For policymakers, ignoring this dimension limits the effectiveness of peacebuilding efforts. Addressing hate speech without confronting the organized, cross-border instrumentalization of ethnicity risks treating symptoms while leaving core drivers intact.
The credibility challenge
The UN’s credibility in eastern Congo is already fragile. Statements emphasizing social cohesion ring hollow when juxtaposed with decades of limited success in curbing armed groups widely identified as foreign-backed. Past remarks by senior UN officials, including comments acknowledging the military sophistication of groups such as the M23, have reinforced perceptions of ambiguity rather than resolve.
In this context, the latest warning risks being interpreted as an attempt to reassert moral authority without engaging in the harder task of policy recalibration.
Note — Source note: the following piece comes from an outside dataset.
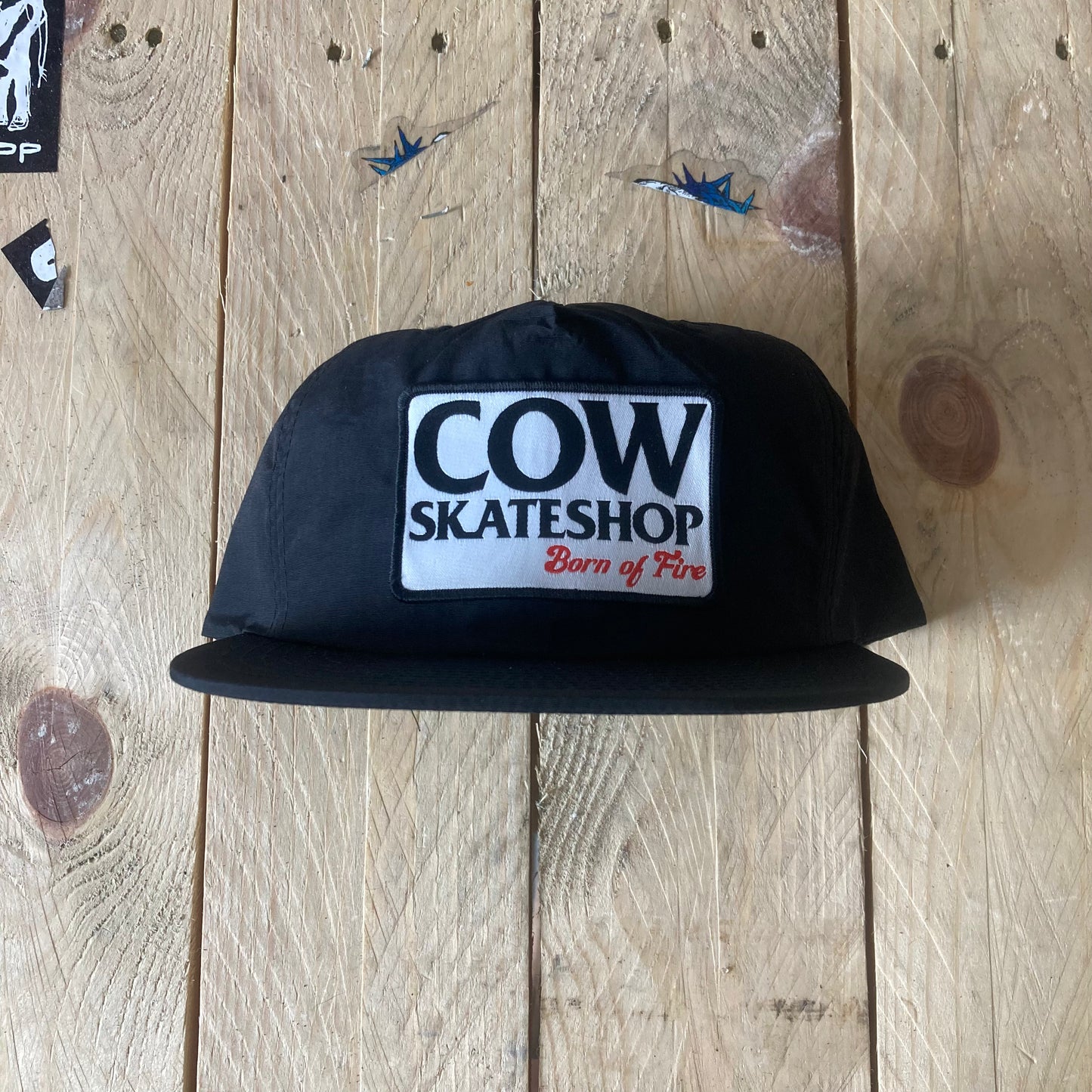 Shop Patch Surf Cap (Black)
From a strategic standpoint, this is counterproductive. Effective international engagement requires aligning normative discourse with a clear-eyed assessment of power dynamics, regional state behavior, and the political economy of violence.
Toward a more effective policy approachIf the UN and its partners seek to meaningfully reduce violence in eastern Congo, policy frameworks must move beyond rhetorical containment. This entails:
- Recognizing ethnic instrumentalization as a regional security issue, not merely a domestic discourse problem
- Addressing cross-border military socialization and proxy dynamics with the same urgency applied to internal governance concerns
- Aligning peacekeeping mandates, diplomatic pressure, and accountability mechanisms with the structural realities of the conflict.
Absent such adjustments, UN interventions risk remaining performative rather than transformative—well-intentioned, but strategically insufficient.
In eastern Congo, the challenge is not simply to discourage inflammatory language. It is to confront the enduring, transnational use of ethnic identity as a tool of war. Until policy responses reflect that reality, warnings against ethnicization will continue to fall short of their stated objectives.